The murmuring in the room started to build. I could hear pieces of it from every direction. People who had whispered about me last night for different reasons, now whispering about me for reasons none of us had any framework for.
I was still standing. My shoulder was still exposed. I pulled my collar back up because I needed to do something with my hands.
Damon looked at Ryder.
Then he looked at the room. At the pack members, at the elders near the back, at Selene, who had gone pale and very still.
“There is one more thing,” he said.
His voice had changed. Not louder. More deliberate. The way a person speaks when they know what they are about to say will not be forgettable.
“The bond that was triggered at the Mate Ceremony two nights ago.” He paused. “I have reviewed the witness accounts.
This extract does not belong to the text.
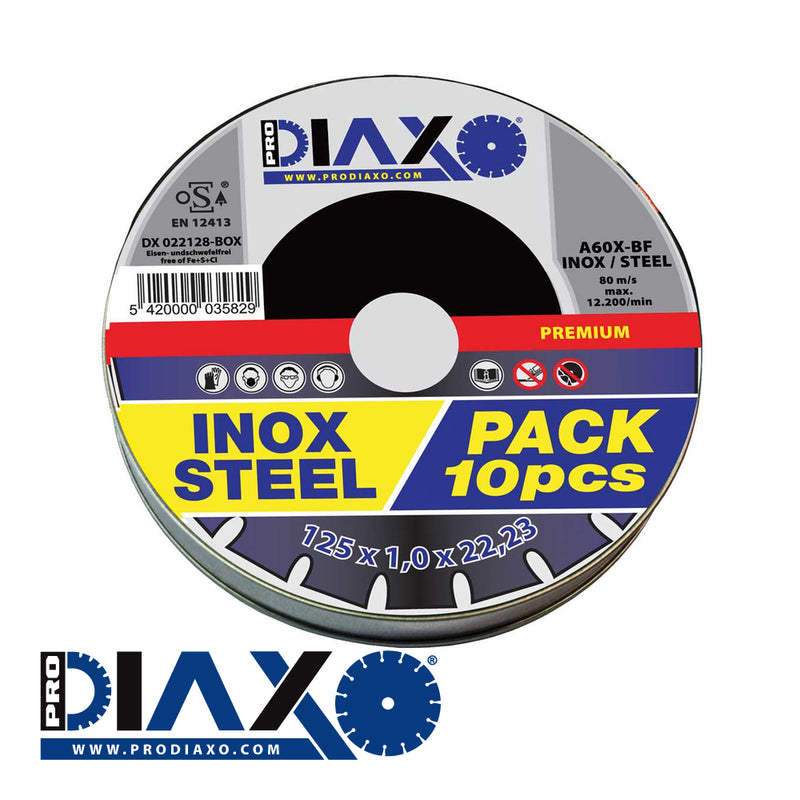 PRODIAXO - Disque abrasif INOX/ACIER - 125 x 1,0 mm PAR 10 pcs. en BOX ALU / Premium Construction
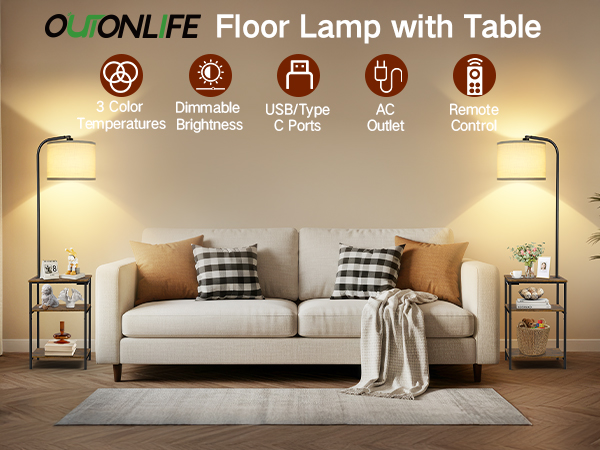 floor lamp with table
I have spoken to three elders who were present. A bond was felt. Everyone in that clearing confirmed it.”
He turned to look at Ryder. Direct and holding.
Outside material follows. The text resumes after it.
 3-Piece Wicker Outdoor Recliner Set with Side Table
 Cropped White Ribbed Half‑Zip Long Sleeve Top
“Aria Winters is not Ryder’s mate.”
The room cracked open with noise. I heard it distantly because something was happening in my chest. My wolf was awake now. Fully awake, pressing forward, trembling almost.
Damon turned.
He turned, and he looked at me, and for the first time since I had met him in the dark, something in his face came apart slightly at the edges. Not the guard. Not the soldier. Something underneath that.
“She is mine.”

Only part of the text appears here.